WINNER OF THE EBRD LITERATURE PRIZE 2023
"The Lake is a bewitching, beguiling, terrifying and shocking portal into a world gone wrong, a realm in which tenderness and courage come up against brutality and indifference, in which fellow-feeling and communality are undercut by self-interest and folly – and in which small gestures nonetheless keep the flame of hope alive. It is utterly propulsive, immersive and unique, and deserves to become a European classic, to be read by many generations to come." – Toby Lichtig, EBRD Literature Prize judge
Translated by Alex Zucker
A fishing village at the end of the world. A lake that is drying up and, ominously, pushing out its banks. The men have vodka, the women troubles, the children eczema to scratch at. Born into this unforgiving environment, Nami, a young boy, embarks on a journey with nothing but a bundle of nerves, a coat that was once his grandfather’s and the vague idea of searching for his mother, who disappeared from his life at a young age. To uncover the greatest mystery of his life, he must sail across and walk around the lake and finally dive to its bottom.

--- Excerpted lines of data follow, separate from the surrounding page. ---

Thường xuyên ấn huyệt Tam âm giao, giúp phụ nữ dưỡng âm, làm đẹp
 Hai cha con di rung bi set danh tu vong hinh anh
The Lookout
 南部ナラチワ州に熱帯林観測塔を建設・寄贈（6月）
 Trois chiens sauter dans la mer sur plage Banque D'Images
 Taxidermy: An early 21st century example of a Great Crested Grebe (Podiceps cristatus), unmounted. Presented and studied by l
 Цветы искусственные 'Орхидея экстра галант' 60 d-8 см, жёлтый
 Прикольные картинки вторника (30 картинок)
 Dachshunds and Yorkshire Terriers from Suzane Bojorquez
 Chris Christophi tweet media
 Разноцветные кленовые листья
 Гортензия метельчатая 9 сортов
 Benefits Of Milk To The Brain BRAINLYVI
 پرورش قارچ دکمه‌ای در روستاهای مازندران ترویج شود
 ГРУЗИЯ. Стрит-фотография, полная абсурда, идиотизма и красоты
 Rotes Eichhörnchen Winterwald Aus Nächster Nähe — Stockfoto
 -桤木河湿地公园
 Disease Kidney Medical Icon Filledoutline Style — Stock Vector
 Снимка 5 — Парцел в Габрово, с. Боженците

The Lake is a raw account of life in a devastated land and the harsh, primitive circumstances under which people fight to survive.
A dystopian page-turner about the coming of age of a young hero, which won the 2017 EU Prize for Literature.
Awarded with the Magnesia Litera Prize as Best Book of 2016.
"The Lake feels less like it takes place in a post-USSR past than it does a post-apocalyptic future of complete climate collapse. Nami’s country might be fiction, but its implications are terrifyingly real." Wales Arts Review
‘[T]he fresh water of Czech literature.’ – Hospodářské Noviny
‘[O]ne of the most remarkable books of the last years.' – Mladá Fronta dnes
‘A criticism of the Soviet Union, of extinction, of the modern world. Written in such a colourful way that one at times seems the stand in front of Andrej Tarkovsky’s camera.’ – Krájské Listy
'Bellová’s gripping depiction of life under forced occupation shows how despite the utter bleakness of their reality, people like Nami can still find ways to keep on going, as did many under communism and so many do now under other oppression. In the face of evil, there is nothing more radical than preserving one's humanity.' – Anna West, APOFENIE
BIANCA BELLOVÁ (b. 1970) is a Czech translator, interpreter and writer with Bulgarian roots. Her novel Mrtvý muž (Dead Man, 2011) received widespread critical acclaim and has been translated into German. Her latest novel, Jezero (The Lake, 2016), won the EU Prize for Literature and will be published in more than ten languages.
ALEX ZUCKER is a translator from Czech whose translations include novels by J. R. Pick, Petra Hůlová, Jáchym Topol, Magdaléna Platzová, Tomáš Zmeškal, Josef Jedlička, Heda Margolius Kovály, Patrik Ouředník, and Miloslava Holubová. He has also translated stories, plays, subtitles, young adult and children’s books, song lyrics, reportages, essays, poems, and an opera.